DCSIMG

Worker tells BHS trial of OAP’s plunge down manhole

The Rose Street entrance of Bhs

The Rose Street entrance of Bhs

A PLUMBER called out to unblock drains at the BHS store in Princes Street has told a court how a pensioner plunged down an open manhole in the shop as she browsed for new lights.

Francis McCann had opened the manhole to inspect the blockages and left it briefly unguarded while he carried out other work.

The 65-year-old said he had posted three warning cones around the manhole but moments later heard 77-year-old Mollie McGregor shouting for help after falling in.

Mr McCann rescued the elderly woman who was clinging on to the sides of the manhole, which led into sewage pipes.

He was giving evidence at Edinburgh Sheriff Court yesterday as BHS went on trial accused of flaunting health and safety laws at the store which led to the pensioner being 
seriously injured.

Mr McCann, who lives in Hamilton, South Lanarkshire, told the court that he had advised staff against carrying out the work during open hours as he feared it was unsafe for customers. But the plumber said he was ordered to unblock the drains following an emergency call-out on 
January 15, 2009.

Mr McCann said that his plumbing firm had assigned him the job and he attended at around 10am that morning with his colleague, his grandson Stephen McCann.

The pair were directed by staff to drains on the lower level where sewage water was leaking onto the shop floor.

He told the court: “The store should never have been open to the public that morning.

“We never discussed risk assessment with anyone from BHS. There was no discussion on safety. We thought it would be safer to work when customers were not present.”

The court heard that the plumbers lifted different manhole covers and found them “choked with sewage” before using rods and plungers to try and unblock them.

Mr McCann, who said that only one manhole was left open at any one time for safety, explained that three cones were placed around one of them while he went to retrieve equipment from nearby.

He added: “About 30 seconds later I heard someone shouting for help and went back to the manhole. There was a lady, quite an elderly lady, who had slipped and went in the manhole.

“I saw her handbag and arms on the floor. To protect herself she must’ve outstretched her arms. I don’t think she slipped into it. I think she stepped into it. I pulled her out.”

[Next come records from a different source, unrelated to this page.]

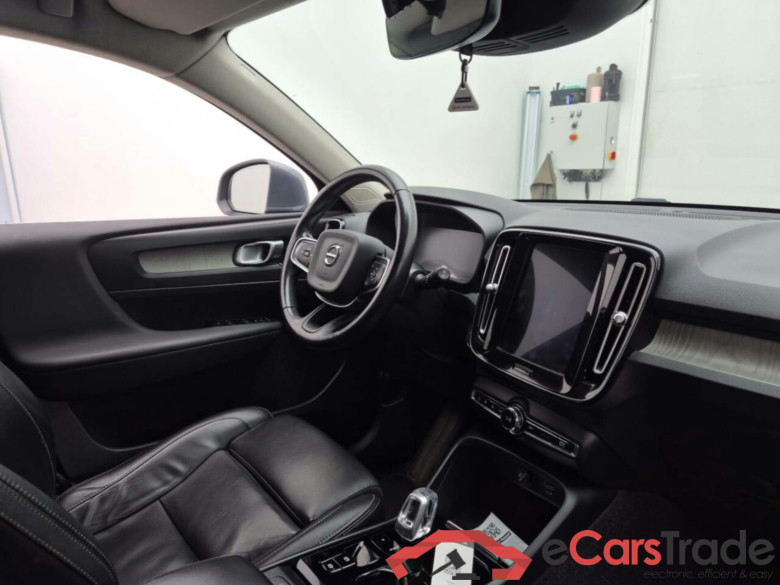 VOLVO XC40 2.0 B3 MILD HYBRID GEARTRONIC #3
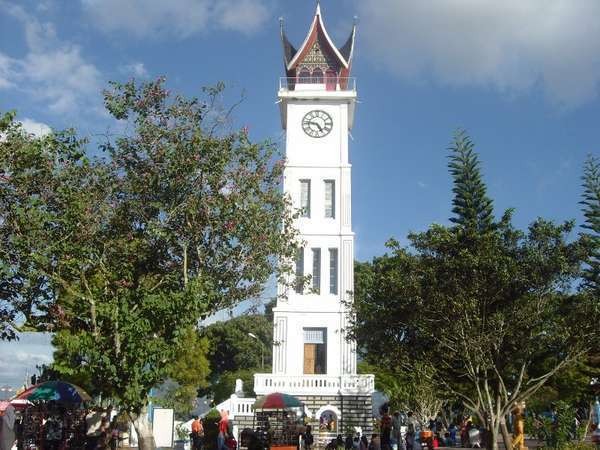 Jam Gadang, landmark terkenal dari Bukittinggi (Putri/detikTravel) Jam Gadang, landmark terkenal dari Bukittinggi (Putri/detikTravel)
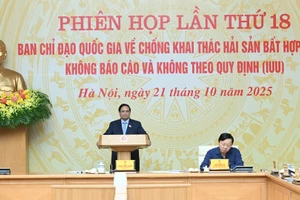 [Foto] Premier vietnamita preside reunión del Comité Directivo Nacional contra la pesca ilegal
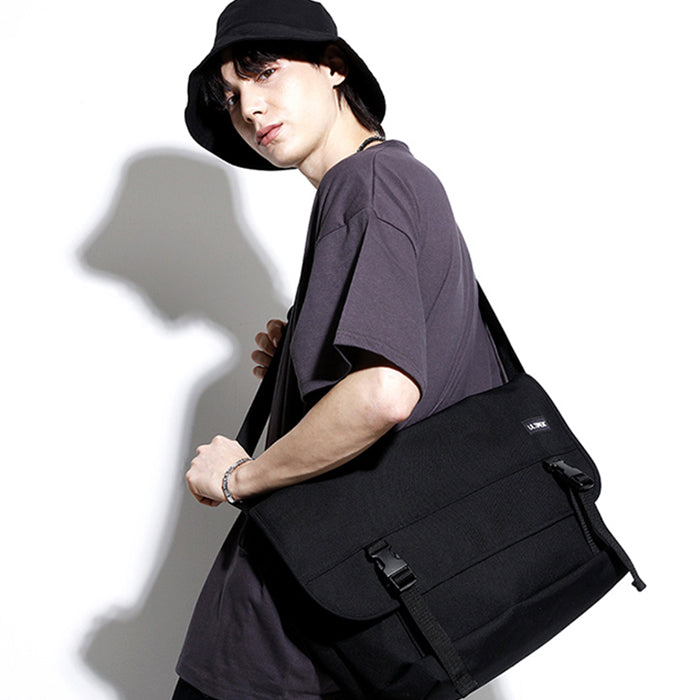 1607 Large Messenger Bag Black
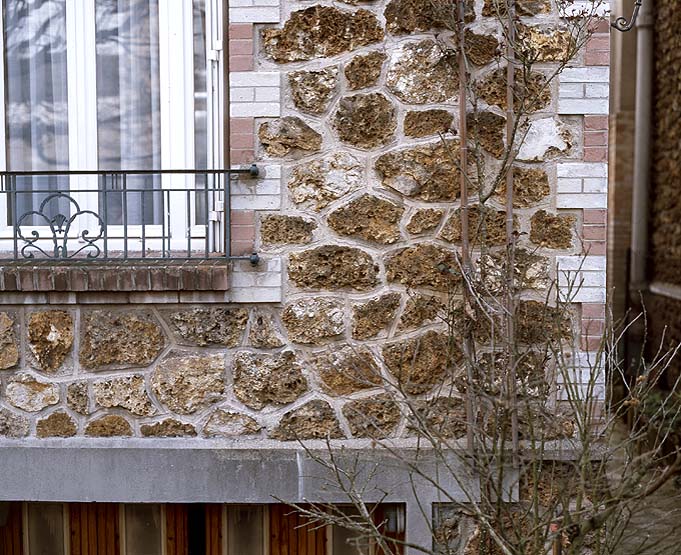 Les moellons de meulière sont disposés en mosaïque.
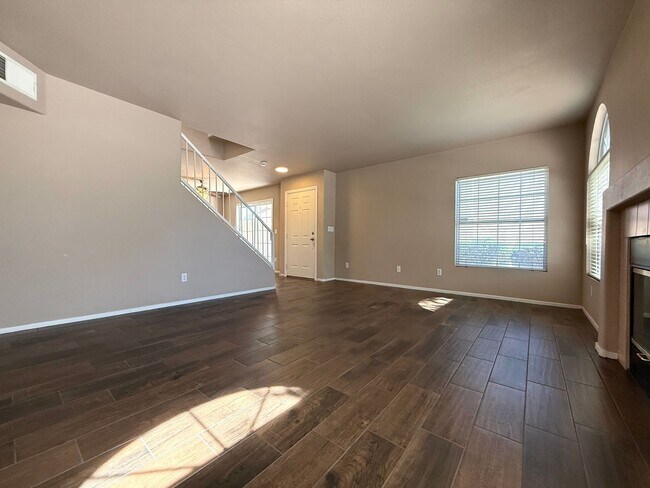 Building Photo - Beautiful 3-bedroom townhome in a desirable gated Green Valley community!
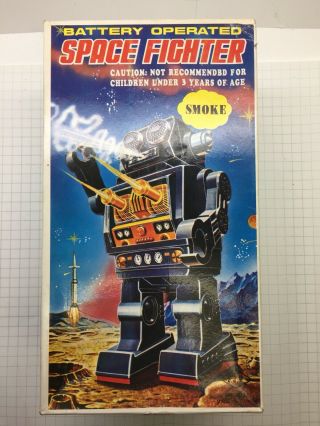 Vintage Space Fighter Robot - Battery Operated With Box 2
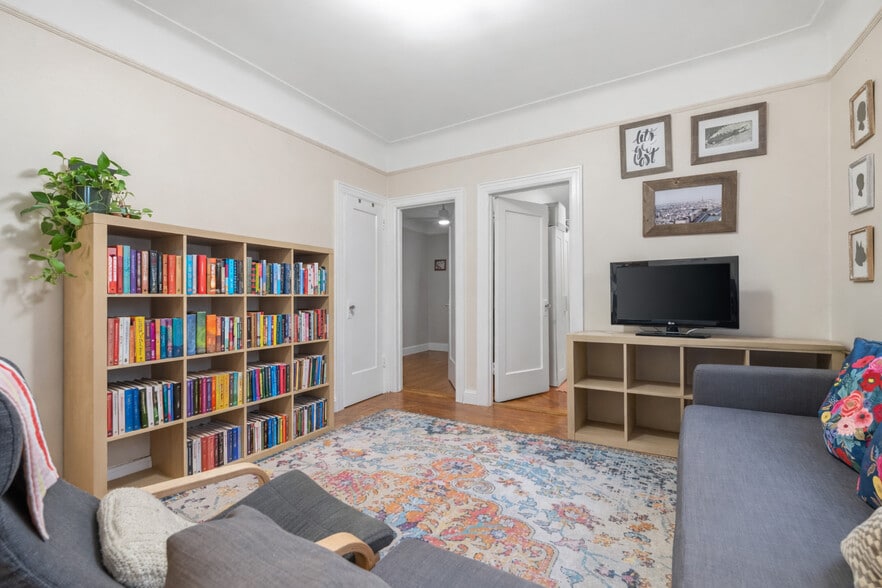 More Photos Of 1840 21st Dr, Astoria Apartments For Sale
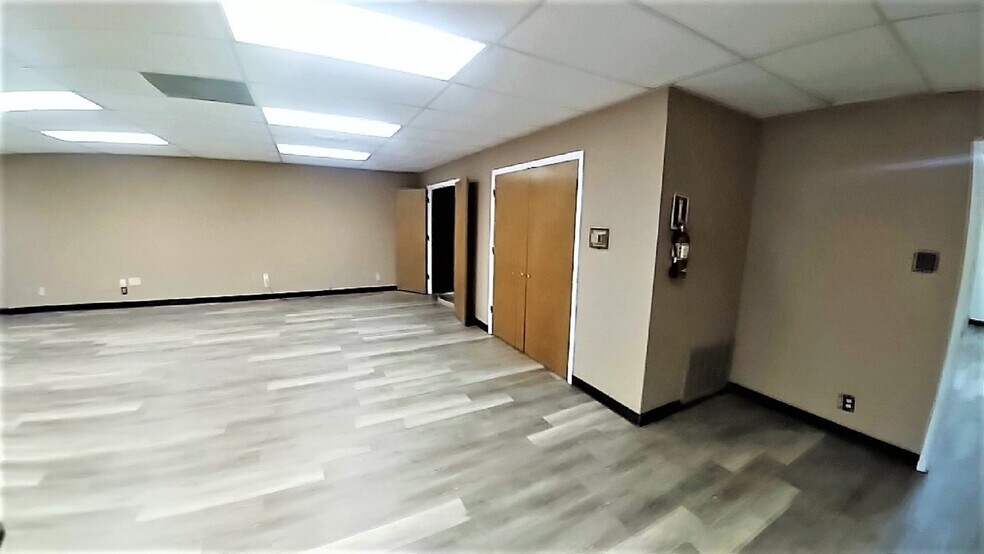 More Photos Of 131 E Sears St, Denison Warehouse For Lease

He added: “She was quite frail. She had a cut to her head. There were broken lights in the manhole. She had grabbed onto the lights or something.

He added that he spoke briefly to Mrs McGregor and she told him she was “not paying attention” while looking at the lights.

Mr McCann told depute procurator fiscal Tony 
Bonner that he thought the safety cones provided “adequate” warning for shoppers.

A plumber since 1962, he said the cones were “bright”.

British Home Stores denies two charges under the Health and Safety at Work Regulations 1992.

Prosecutors allege that BHS staff failed to make suitable and sufficient assessment of the risks to employees and members of the public by having an open manhole. It is alleged that Mrs McGregor, then aged 77, fell through the manhole to her severe injury as a result.

The trial before Sheriff Neil MacKinnon continues.